REQUIRED WORK: What you return should be the lines from the one with "Polar bears are" through the one with "8712 E Hannibal St, Mesa, AZ 85207 photo 37" in the data below, reproduced exactly with both ends, and no pictures at all.
=== RAW DATA ===
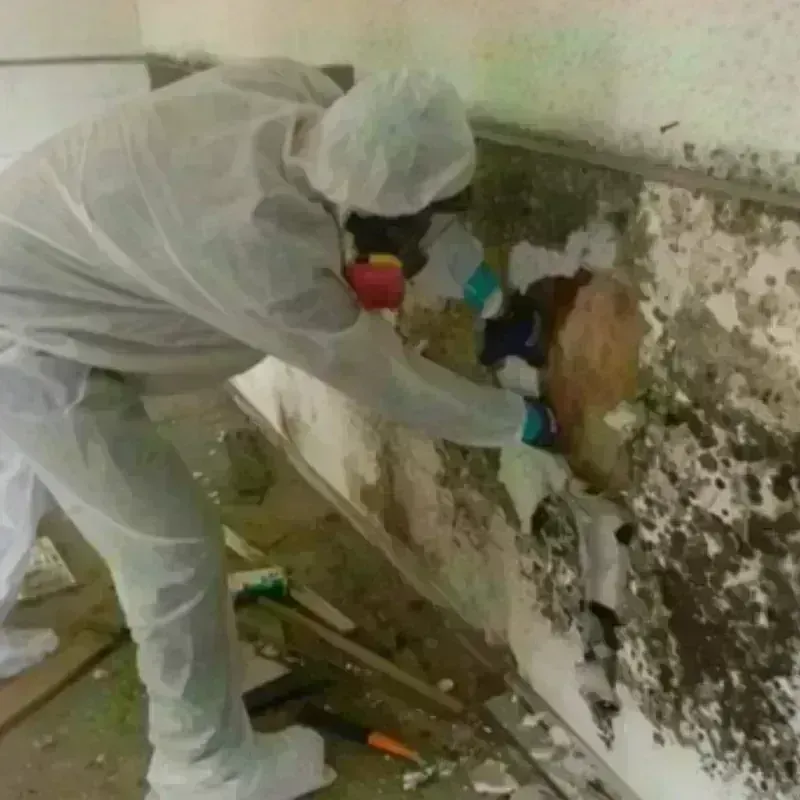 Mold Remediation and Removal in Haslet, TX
===
=== RAW DATA ===
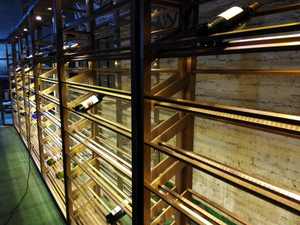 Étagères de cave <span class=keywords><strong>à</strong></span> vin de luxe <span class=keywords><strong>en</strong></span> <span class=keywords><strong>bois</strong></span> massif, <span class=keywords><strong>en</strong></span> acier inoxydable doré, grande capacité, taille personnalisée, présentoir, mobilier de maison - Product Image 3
===
=== RAW DATA ===
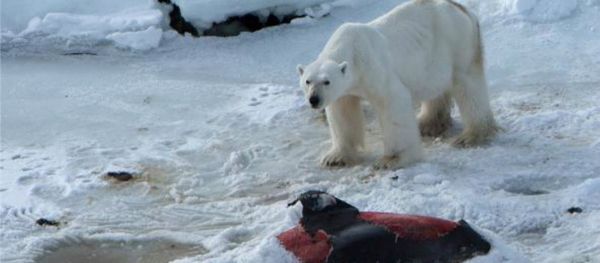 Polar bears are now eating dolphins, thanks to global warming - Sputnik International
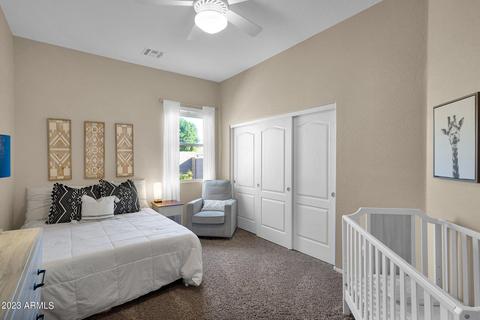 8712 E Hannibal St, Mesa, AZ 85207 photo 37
===
COMPLETED EXERCISE:
 Polar bears are now eating dolphins, thanks to global warming - Sputnik International
 8712 E Hannibal St, Mesa, AZ 85207 photo 37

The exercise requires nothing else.